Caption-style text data
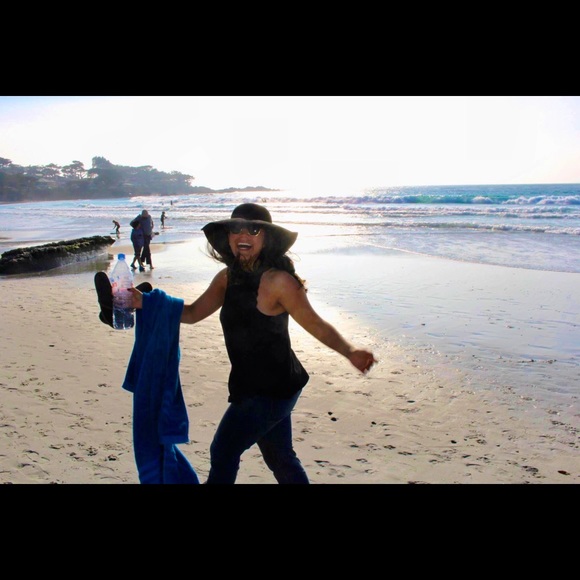 Profile Picture of Laura Labombarda (@laurabethh) on Poshmark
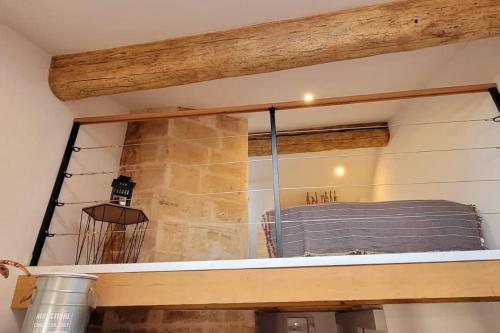 - un miroir au plafond dans l'établissement Grand Studio Cosy au Cœur de Montpellier, à Montpellier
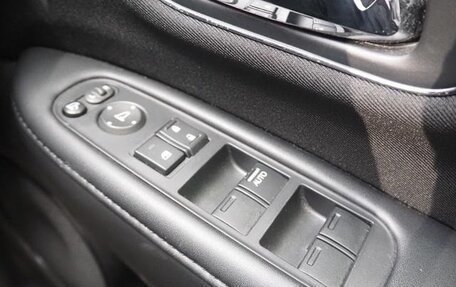 Honda Vezel, 2015 год, 890 000 рублей, 33 фотография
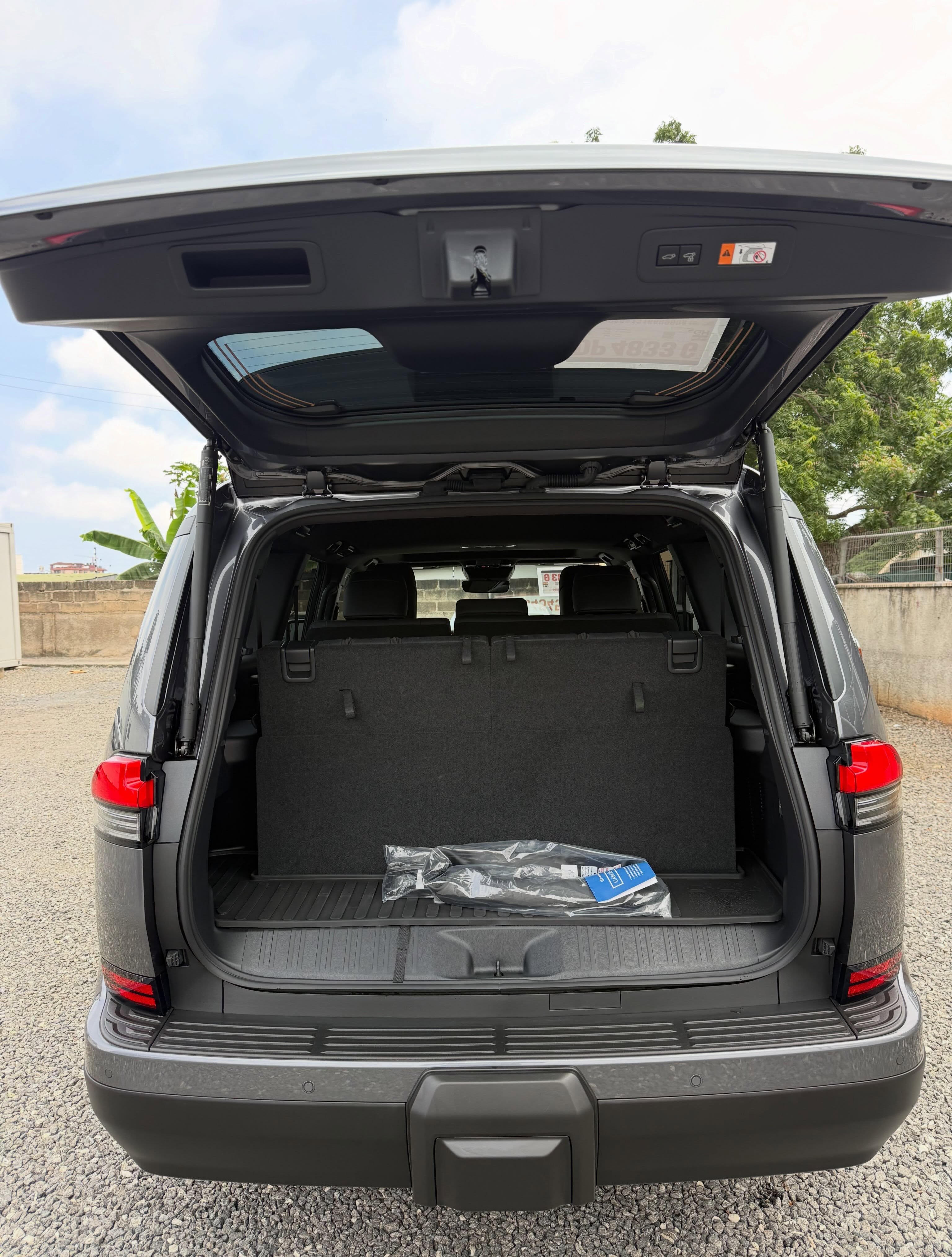Brand New Lexus GX550 Luxury - Image 6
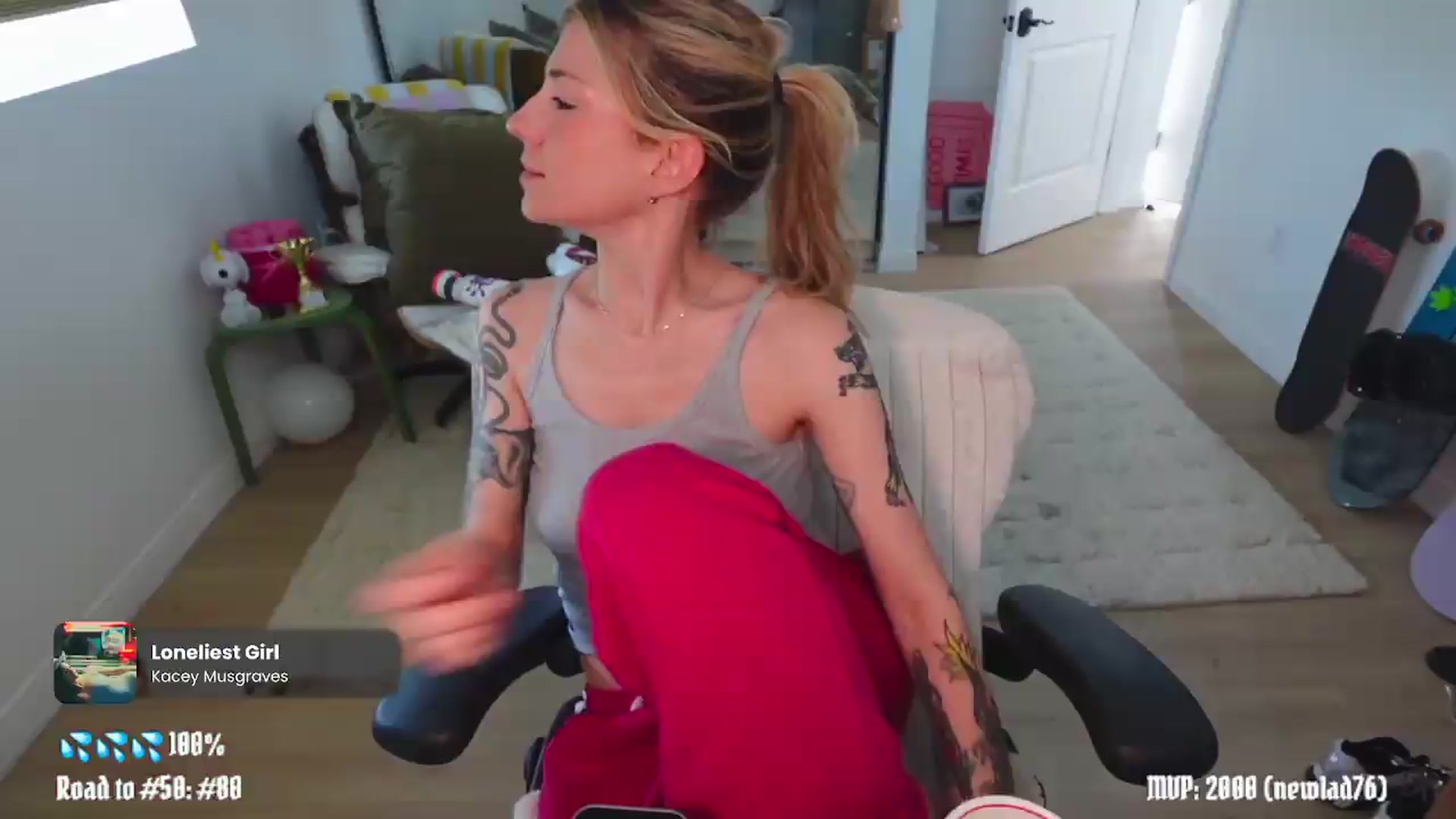 Gallery image thumbnail from stoney_fox's myfreecams stream on, 05/17/2026, 18:29 image 20 of 20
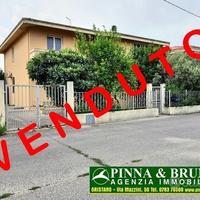 SOLANAS - VILLETTA libera 3 lati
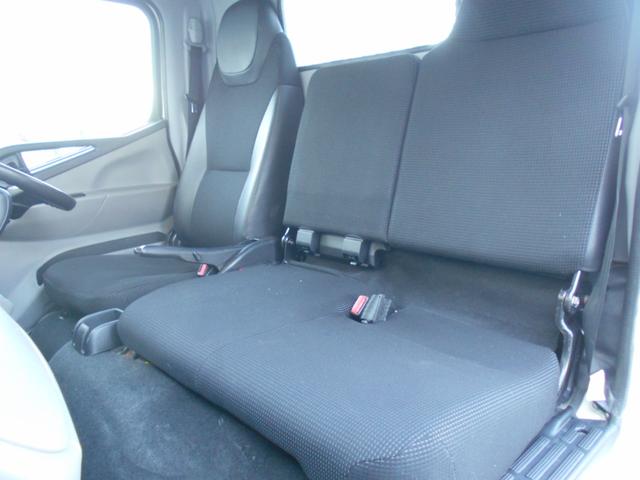 キャンター 全低床平ボデイ　２０００ｋｇ積み４ナンバー　リアＷタイヤ　社外ナビ　バックカメラ　ＥＴＣ　キーレス　左電格ミラー　フォグランプ　ドラレコ　衝突被害軽減ブレーキ　車線逸脱警報装置　横滑り防止装置　坂道発進補助装置　ＥＣＯモードスイッチ（23枚目）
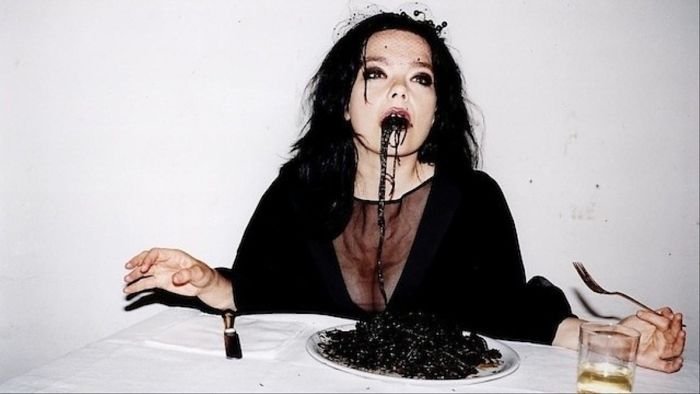 Biografía de Björk: Vida, Obra y Trayectoria Artística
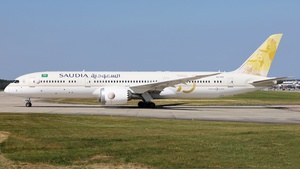 Photo of HZ-ARE - Boeing 787-9 Dreamliner operated by Saudia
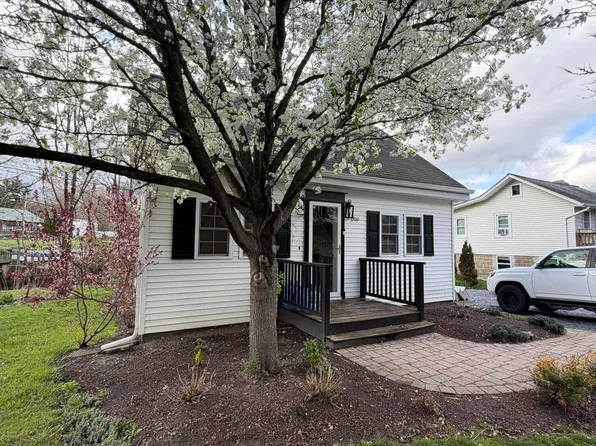 1 Riverside Road, Hewitt, NJ 07421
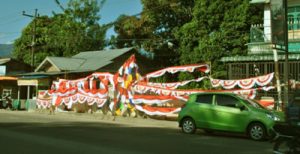Pajangan penjualan bendera di Panyabungan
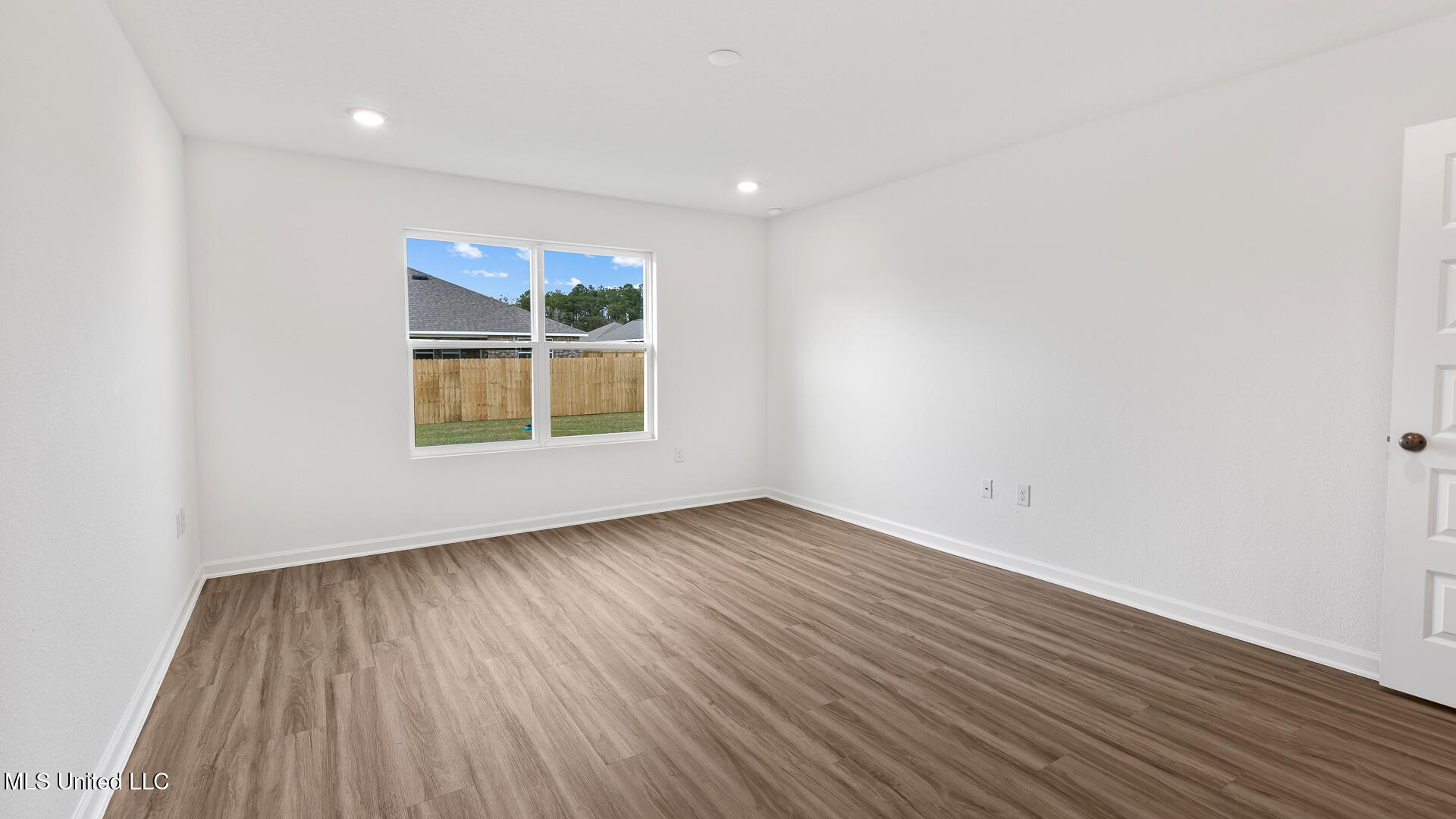 123 Strawberry Drive Property Photo 8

_TASK TO COMPLETE:_
Only the records themselves, retyped exactly, belong in the answer; please leave all images behind.

_RESPONSE TO THIS TASK:_
 Profile Picture of Laura Labombarda (@laurabethh) on Poshmark
 - un miroir au plafond dans l'établissement Grand Studio Cosy au Cœur de Montpellier, à Montpellier
 Honda Vezel, 2015 год, 890 000 рублей, 33 фотография
Brand New Lexus GX550 Luxury - Image 6
 Gallery image thumbnail from stoney_fox's myfreecams stream on, 05/17/2026, 18:29 image 20 of 20
 SOLANAS - VILLETTA libera 3 lati
 キャンター 全低床平ボデイ　２０００ｋｇ積み４ナンバー　リアＷタイヤ　社外ナビ　バックカメラ　ＥＴＣ　キーレス　左電格ミラー　フォグランプ　ドラレコ　衝突被害軽減ブレーキ　車線逸脱警報装置　横滑り防止装置　坂道発進補助装置　ＥＣＯモードスイッチ（23枚目）
 Biografía de Björk: Vida, Obra y Trayectoria Artística
 Photo of HZ-ARE - Boeing 787-9 Dreamliner operated by Saudia
 1 Riverside Road, Hewitt, NJ 07421
Pajangan penjualan bendera di Panyabungan
 123 Strawberry Drive Property Photo 8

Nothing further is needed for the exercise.